##### DATA FOR THIS TASK
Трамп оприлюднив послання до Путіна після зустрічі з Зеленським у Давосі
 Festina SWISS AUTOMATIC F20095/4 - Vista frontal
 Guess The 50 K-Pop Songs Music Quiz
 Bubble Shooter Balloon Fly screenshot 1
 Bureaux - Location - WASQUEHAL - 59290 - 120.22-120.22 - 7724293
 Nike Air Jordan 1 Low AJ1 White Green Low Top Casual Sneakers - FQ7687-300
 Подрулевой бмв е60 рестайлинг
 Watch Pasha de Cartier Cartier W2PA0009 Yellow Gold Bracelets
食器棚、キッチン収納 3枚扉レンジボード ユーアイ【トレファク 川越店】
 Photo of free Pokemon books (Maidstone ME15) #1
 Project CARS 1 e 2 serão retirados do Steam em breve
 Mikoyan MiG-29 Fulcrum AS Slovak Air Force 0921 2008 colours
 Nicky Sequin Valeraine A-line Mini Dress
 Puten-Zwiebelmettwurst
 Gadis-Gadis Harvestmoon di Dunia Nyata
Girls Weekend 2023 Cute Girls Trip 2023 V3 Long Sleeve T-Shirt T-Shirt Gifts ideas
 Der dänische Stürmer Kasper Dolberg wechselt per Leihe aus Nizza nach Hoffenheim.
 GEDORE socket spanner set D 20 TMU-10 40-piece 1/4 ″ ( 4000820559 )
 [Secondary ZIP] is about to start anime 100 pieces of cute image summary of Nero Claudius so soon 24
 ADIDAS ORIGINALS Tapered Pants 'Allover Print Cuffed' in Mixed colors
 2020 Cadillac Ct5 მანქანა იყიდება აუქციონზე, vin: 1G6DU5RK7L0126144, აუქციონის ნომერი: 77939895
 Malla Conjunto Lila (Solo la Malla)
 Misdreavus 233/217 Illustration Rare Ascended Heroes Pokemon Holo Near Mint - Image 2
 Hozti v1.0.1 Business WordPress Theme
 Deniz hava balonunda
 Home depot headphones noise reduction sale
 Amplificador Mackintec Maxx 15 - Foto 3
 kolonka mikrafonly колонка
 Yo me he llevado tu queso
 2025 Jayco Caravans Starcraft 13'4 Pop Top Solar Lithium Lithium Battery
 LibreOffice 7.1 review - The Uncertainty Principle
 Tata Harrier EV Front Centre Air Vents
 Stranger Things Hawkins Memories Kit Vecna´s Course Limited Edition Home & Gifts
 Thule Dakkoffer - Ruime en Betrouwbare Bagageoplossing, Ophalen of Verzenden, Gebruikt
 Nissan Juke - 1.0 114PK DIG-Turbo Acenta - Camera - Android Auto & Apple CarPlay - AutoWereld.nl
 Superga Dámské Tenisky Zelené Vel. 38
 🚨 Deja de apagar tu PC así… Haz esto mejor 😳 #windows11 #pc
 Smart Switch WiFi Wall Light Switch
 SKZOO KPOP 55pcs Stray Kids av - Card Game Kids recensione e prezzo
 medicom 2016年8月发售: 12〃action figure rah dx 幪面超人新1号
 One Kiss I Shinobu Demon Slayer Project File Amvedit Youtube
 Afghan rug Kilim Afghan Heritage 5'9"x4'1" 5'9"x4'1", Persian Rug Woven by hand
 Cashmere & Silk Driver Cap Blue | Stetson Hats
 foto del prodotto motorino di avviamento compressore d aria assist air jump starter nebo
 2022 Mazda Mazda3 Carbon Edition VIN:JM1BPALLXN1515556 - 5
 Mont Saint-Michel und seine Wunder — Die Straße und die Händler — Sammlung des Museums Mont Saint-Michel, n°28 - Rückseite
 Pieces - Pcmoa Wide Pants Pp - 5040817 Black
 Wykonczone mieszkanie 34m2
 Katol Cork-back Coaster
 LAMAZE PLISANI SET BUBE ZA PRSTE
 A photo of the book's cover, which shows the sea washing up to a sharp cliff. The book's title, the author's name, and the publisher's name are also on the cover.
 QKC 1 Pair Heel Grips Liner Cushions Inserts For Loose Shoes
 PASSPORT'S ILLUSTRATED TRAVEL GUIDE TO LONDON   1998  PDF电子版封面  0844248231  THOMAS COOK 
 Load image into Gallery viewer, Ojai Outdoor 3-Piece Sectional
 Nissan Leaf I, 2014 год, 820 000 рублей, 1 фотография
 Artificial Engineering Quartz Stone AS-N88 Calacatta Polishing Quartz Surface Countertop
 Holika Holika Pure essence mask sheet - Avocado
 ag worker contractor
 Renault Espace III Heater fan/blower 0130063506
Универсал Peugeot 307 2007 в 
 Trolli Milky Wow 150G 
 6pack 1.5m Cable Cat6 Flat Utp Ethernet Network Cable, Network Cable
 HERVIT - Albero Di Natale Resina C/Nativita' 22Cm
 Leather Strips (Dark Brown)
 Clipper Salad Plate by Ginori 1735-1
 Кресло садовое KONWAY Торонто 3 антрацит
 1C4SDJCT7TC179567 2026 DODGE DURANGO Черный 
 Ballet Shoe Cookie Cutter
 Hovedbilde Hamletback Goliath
##########
- **WORK TO BE COMPLETED**: Show every line from the entries above in which "Nissan" appears.

- **EXERCISE SOLUTION**:
 Nissan Juke - 1.0 114PK DIG-Turbo Acenta - Camera - Android Auto & Apple CarPlay - AutoWereld.nl
 Nissan Leaf I, 2014 год, 820 000 рублей, 1 фотография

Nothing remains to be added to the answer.